* [WORK ITEM]:
Among the entries below, retype exactly the lines starting with the one with "Kia The New" and going on through the one with "202 Monterrey Ln., White Oak, TX 75693", but not the pictures.

* [STUDY MATERIAL]:

* * * * * * * * *

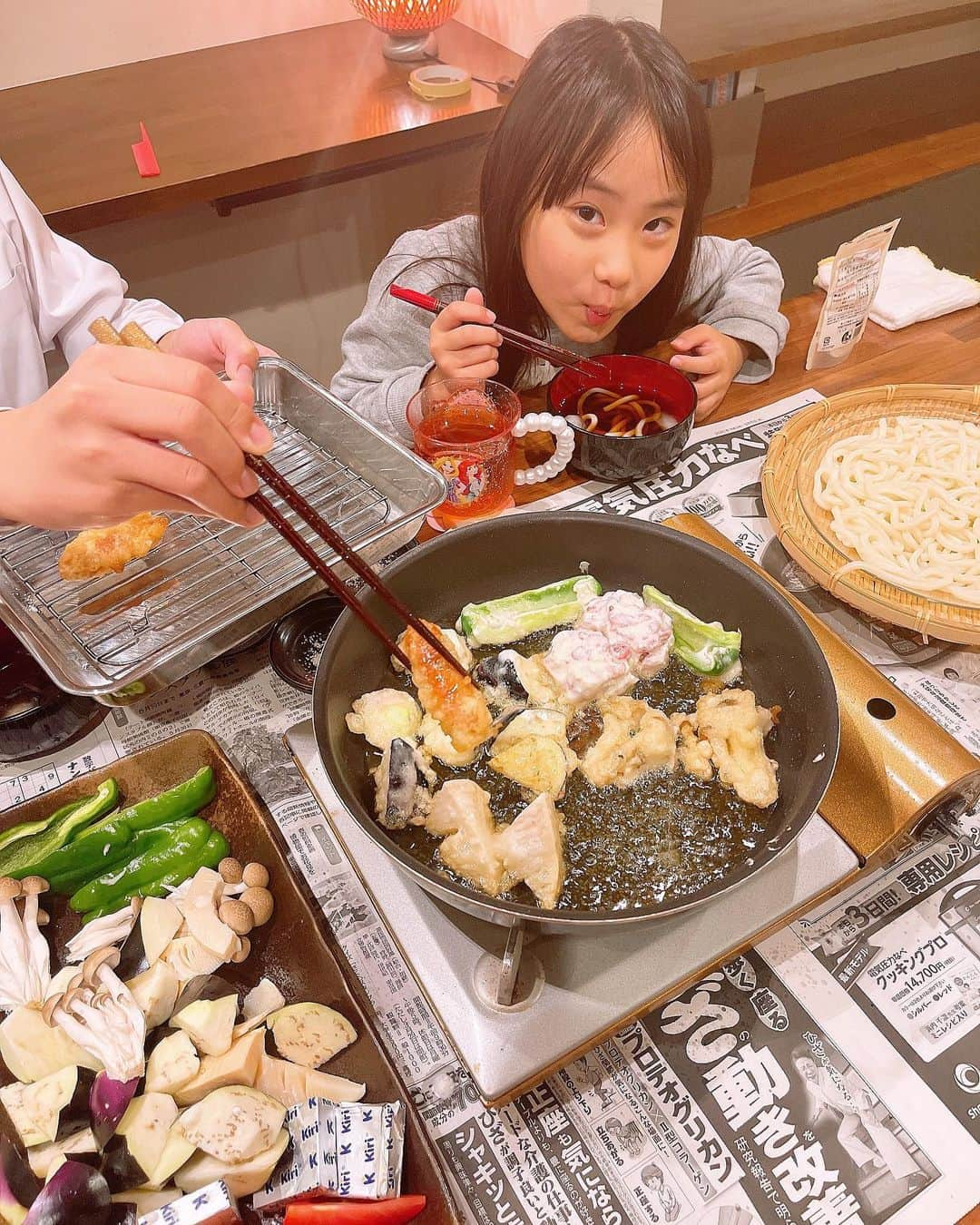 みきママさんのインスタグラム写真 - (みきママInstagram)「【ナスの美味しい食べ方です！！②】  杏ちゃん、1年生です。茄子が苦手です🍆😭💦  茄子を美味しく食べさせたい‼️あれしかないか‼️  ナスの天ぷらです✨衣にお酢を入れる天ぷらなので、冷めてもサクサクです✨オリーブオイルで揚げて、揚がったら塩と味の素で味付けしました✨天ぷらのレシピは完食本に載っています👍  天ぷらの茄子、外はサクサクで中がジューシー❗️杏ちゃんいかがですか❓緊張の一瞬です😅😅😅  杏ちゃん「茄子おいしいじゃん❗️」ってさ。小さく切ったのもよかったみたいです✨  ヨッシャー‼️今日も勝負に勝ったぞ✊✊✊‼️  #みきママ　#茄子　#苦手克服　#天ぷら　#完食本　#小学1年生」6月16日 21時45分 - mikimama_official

* * * * * * * * *

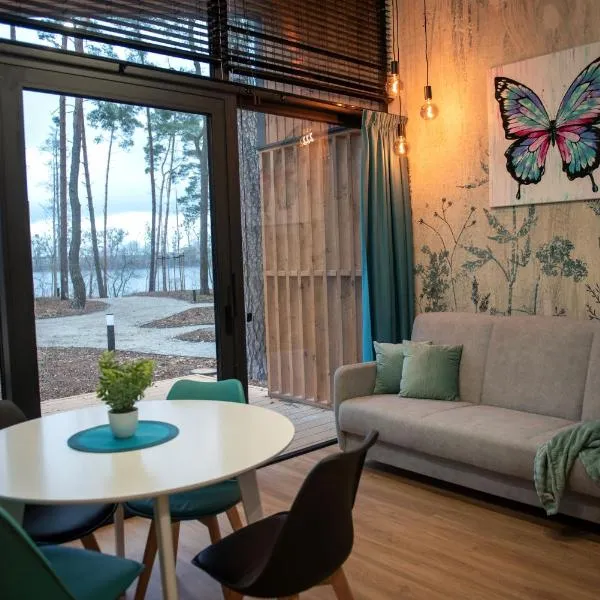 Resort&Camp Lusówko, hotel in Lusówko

* * * * * * * * *

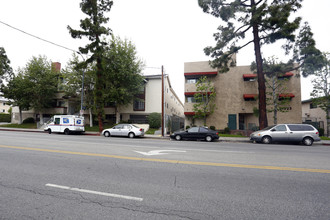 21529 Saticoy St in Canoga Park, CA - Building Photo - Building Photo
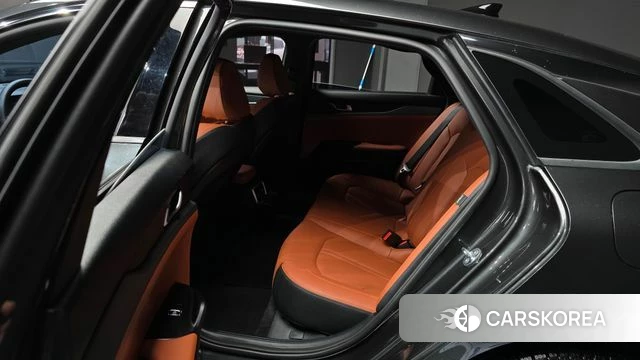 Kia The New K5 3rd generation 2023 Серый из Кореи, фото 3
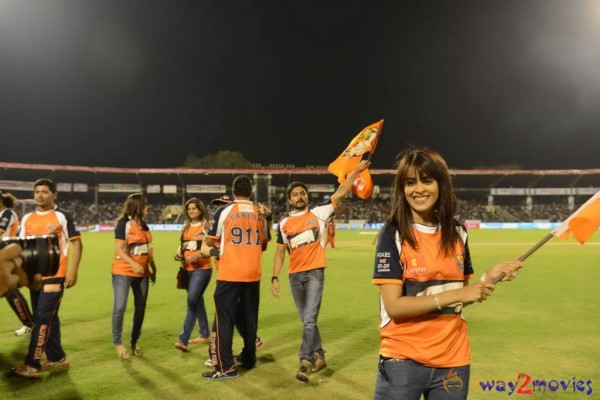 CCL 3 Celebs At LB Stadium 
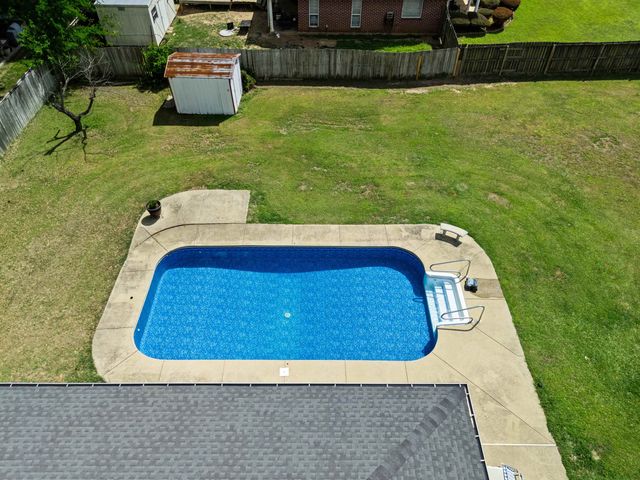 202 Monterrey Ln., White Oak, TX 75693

* * * * * * * * *

* [YOUR SOLUTION]:
 Kia The New K5 3rd generation 2023 Серый из Кореи, фото 3
 CCL 3 Celebs At LB Stadium 
 202 Monterrey Ln., White Oak, TX 75693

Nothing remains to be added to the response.